Who can perform the upgrade?

You need to attach a customer-managed IAM policy with a policy statement that allows the upgrade action to the user who will perform the migration. This extra check prevents someone from accidentally migrating the catalog for the entire account. For more information, see Step 1 - Allow a User to Perform the Upgrade.

My users use a managed policy with Athena and Redshift Spectrum. What steps do I need to take to upgrade?

The Athena managed policy has been automatically updated with new policy actions that allow Athena users to access Amazon Glue. However, you still must explicitly allow the upgrade action for the user who performs the upgrade. To prevent accidental upgrade, the managed policy does not allow this action.

What happens if I don’t upgrade?

If you don’t upgrade, you are not able to use Amazon Glue features together with the databases and tables that you create in Athena or vice versa. You can use these services independently. During this time, Athena and Amazon Glue both prevent you from creating databases or tables that have the same names in the other data catalog. This prevents name collisions when you do upgrade.

Why do I need to add Amazon Glue policies to Athena users?
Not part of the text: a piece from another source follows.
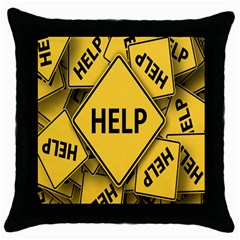 Caution Road Sign Help Cross Yellow Throw Pillow Case (black) by anzea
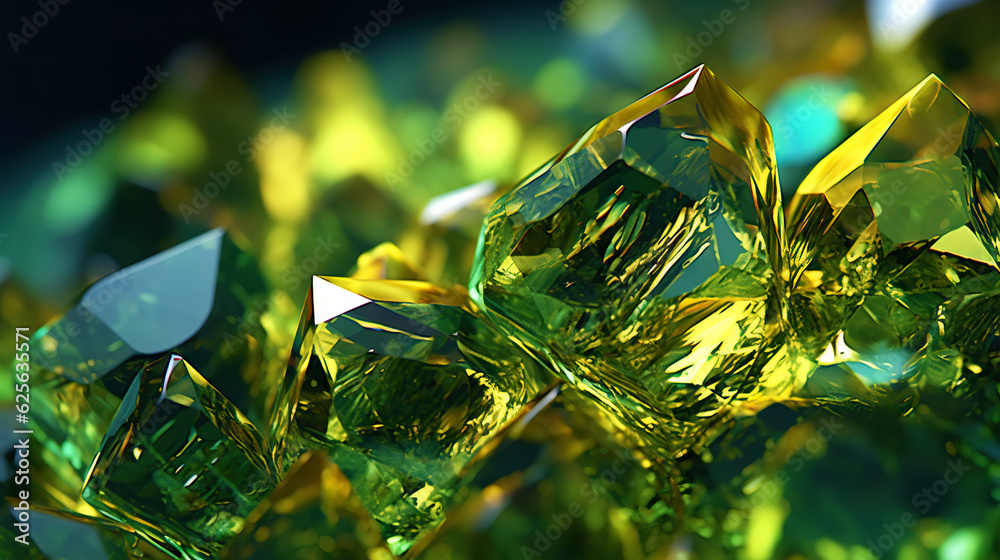 Amazing bright and shiny Euchlorine crystal cluster background. Jewel mineral detailed macro. Genera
Before you upgrade, Athena manages the data catalog, so Athena actions must be allowed for your users to perform queries. After you upgrade to the Amazon Glue Data Catalog, Amazon Glue actions must be allowed for your users. Remember, the managed policy for Athena has already been updated to allow the required Amazon Glue actions, so no action is required if you use the managed policy.

What happens if I don’t allow Amazon Glue policies for Athena users?

If you upgrade to the Amazon Glue Data Catalog and don't update a user's customer-managed or inline IAM policies, Athena queries fail because the user won't be allowed to perform actions in Amazon Glue. For the specific actions to allow, see Step 2 - Update Customer-Managed/Inline Policies Associated with Athena Users.

Is there risk of data loss during the upgrade?

No.

Is my data also moved during this upgrade?

No. The migration only affects metadata.